Saved data entries:
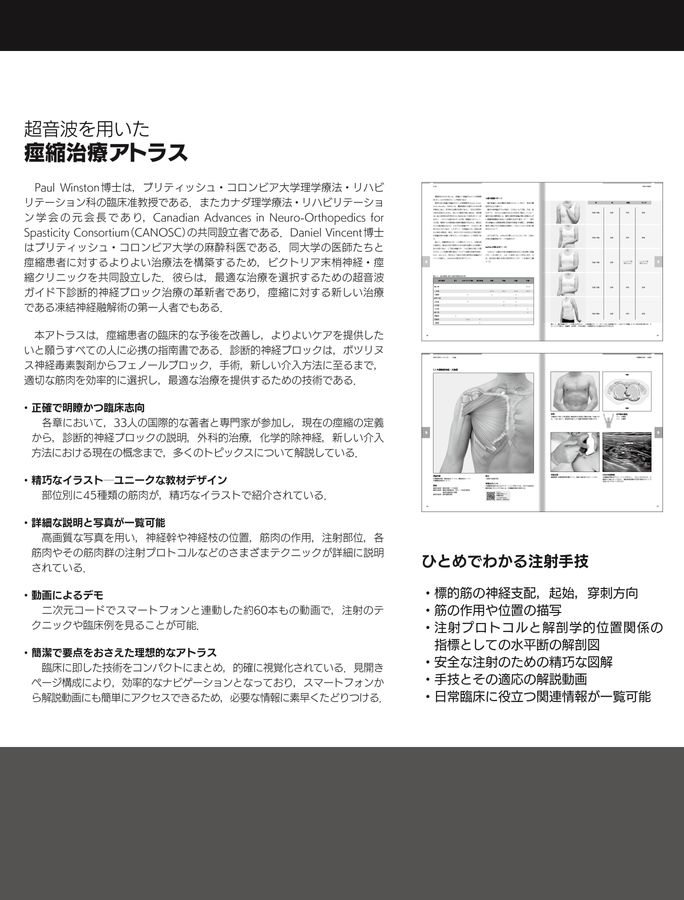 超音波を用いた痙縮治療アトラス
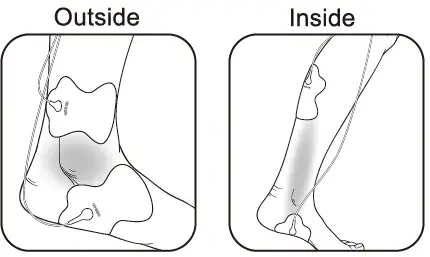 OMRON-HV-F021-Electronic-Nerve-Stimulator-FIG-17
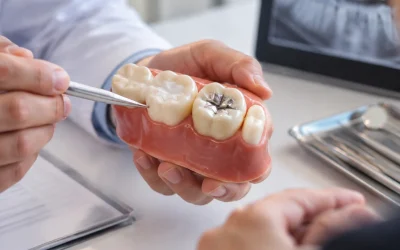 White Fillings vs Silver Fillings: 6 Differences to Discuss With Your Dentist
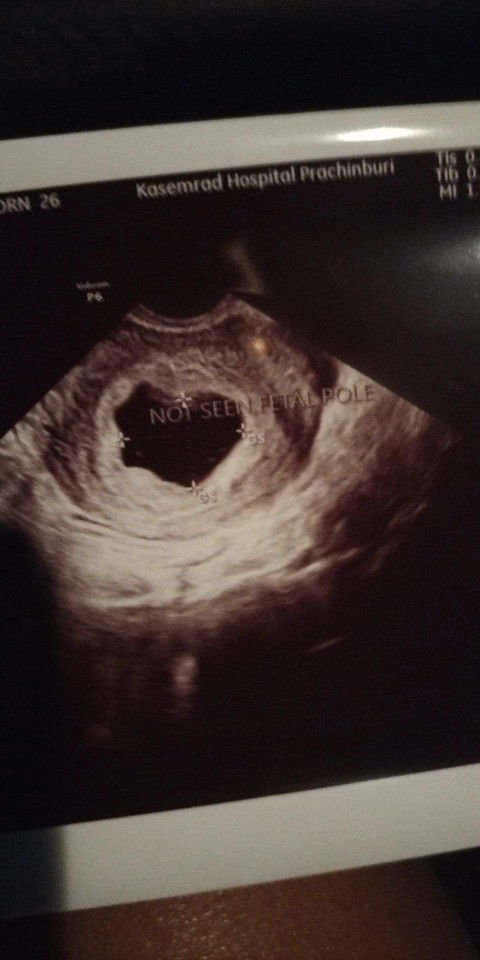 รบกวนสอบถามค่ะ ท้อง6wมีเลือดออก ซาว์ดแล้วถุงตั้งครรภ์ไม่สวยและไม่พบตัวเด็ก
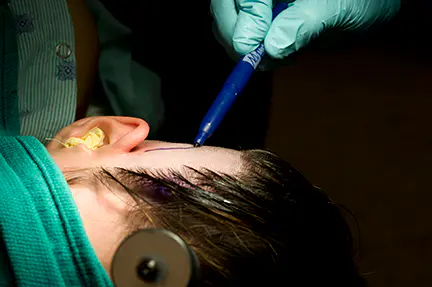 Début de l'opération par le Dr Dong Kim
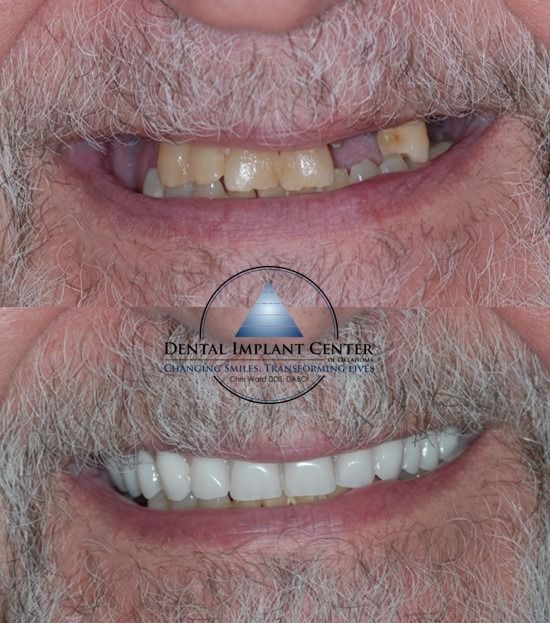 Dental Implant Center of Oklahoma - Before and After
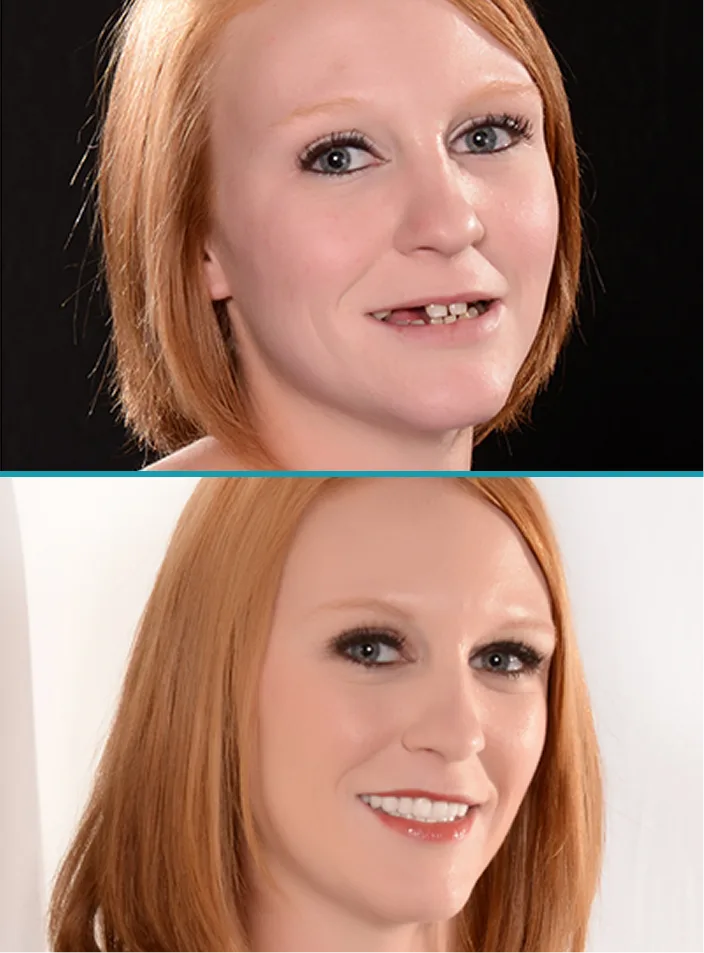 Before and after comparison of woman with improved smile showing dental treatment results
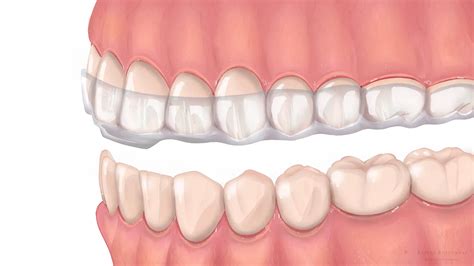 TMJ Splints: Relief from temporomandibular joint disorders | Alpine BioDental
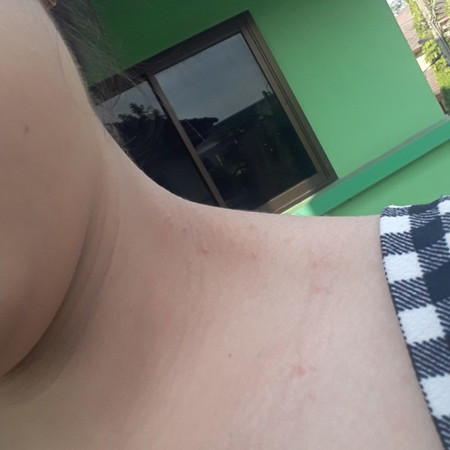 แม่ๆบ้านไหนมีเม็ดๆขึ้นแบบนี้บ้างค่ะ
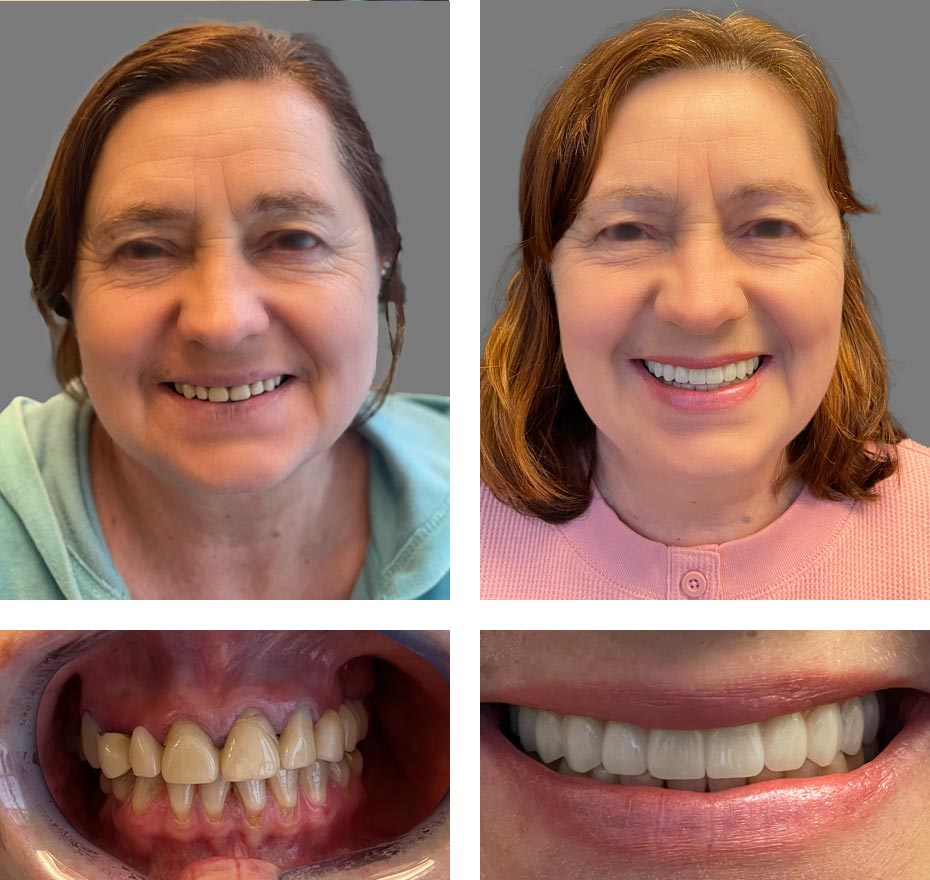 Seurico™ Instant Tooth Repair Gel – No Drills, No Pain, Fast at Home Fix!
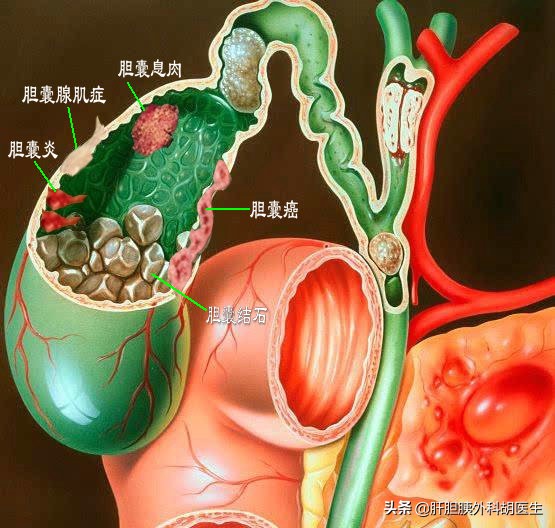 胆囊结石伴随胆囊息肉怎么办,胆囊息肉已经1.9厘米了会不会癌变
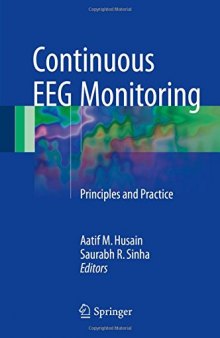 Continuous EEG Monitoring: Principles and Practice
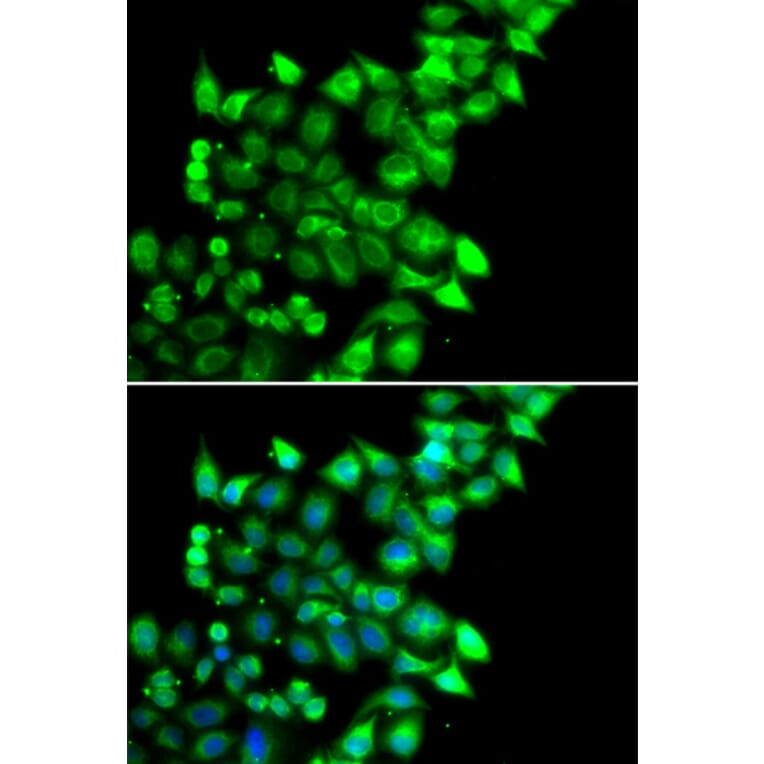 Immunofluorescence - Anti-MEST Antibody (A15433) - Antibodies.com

Task to complete - In the data above, find the line containing "Début de l'opération par le Dr Dong Kim"; from there, please write out each line through the end, exactly, with the pictures omitted.

Solution to this problem -
 Début de l'opération par le Dr Dong Kim
 Dental Implant Center of Oklahoma - Before and After
 Before and after comparison of woman with improved smile showing dental treatment results
 TMJ Splints: Relief from temporomandibular joint disorders | Alpine BioDental
 แม่ๆบ้านไหนมีเม็ดๆขึ้นแบบนี้บ้างค่ะ
 Seurico™ Instant Tooth Repair Gel – No Drills, No Pain, Fast at Home Fix!
 胆囊结石伴随胆囊息肉怎么办,胆囊息肉已经1.9厘米了会不会癌变
 Continuous EEG Monitoring: Principles and Practice
 Immunofluorescence - Anti-MEST Antibody (A15433) - Antibodies.com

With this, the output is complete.